[ABOUT THIS TASK] Find the line containing "DisplayPort kabelis DeLOCK 85663" in the listing below. Repeat it exactly, along with each following line up to and including the one containing "Billede 16 - Nederman".

┌──

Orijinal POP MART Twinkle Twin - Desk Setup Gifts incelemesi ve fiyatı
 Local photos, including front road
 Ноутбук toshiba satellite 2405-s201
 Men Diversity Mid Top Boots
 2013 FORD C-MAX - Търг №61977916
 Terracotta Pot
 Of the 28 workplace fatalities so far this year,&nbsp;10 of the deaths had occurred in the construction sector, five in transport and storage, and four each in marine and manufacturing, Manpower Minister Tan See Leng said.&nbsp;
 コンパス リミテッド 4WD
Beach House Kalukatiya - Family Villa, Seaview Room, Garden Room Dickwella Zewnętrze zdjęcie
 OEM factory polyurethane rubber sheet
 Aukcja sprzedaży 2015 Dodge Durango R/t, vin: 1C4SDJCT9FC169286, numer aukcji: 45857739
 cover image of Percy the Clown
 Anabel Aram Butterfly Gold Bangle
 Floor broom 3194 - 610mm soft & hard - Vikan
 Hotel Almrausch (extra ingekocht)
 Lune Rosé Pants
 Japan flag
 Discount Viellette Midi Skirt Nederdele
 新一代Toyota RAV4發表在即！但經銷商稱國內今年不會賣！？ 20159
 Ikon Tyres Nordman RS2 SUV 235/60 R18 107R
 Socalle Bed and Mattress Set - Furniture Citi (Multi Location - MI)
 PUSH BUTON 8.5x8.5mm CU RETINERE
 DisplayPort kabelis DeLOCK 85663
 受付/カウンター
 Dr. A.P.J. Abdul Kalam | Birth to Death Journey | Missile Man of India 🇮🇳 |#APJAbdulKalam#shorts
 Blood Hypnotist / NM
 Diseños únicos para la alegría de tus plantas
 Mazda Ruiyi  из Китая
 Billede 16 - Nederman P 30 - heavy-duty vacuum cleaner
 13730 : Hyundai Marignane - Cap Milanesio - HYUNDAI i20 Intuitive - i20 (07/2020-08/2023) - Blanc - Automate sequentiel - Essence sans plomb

└──

[RESPONSE FOR THIS EXERCISE]
 DisplayPort kabelis DeLOCK 85663
 受付/カウンター
 Dr. A.P.J. Abdul Kalam | Birth to Death Journey | Missile Man of India 🇮🇳 |#APJAbdulKalam#shorts
 Blood Hypnotist / NM
 Diseños únicos para la alegría de tus plantas
 Mazda Ruiyi  из Китая
 Billede 16 - Nederman P 30 - heavy-duty vacuum cleaner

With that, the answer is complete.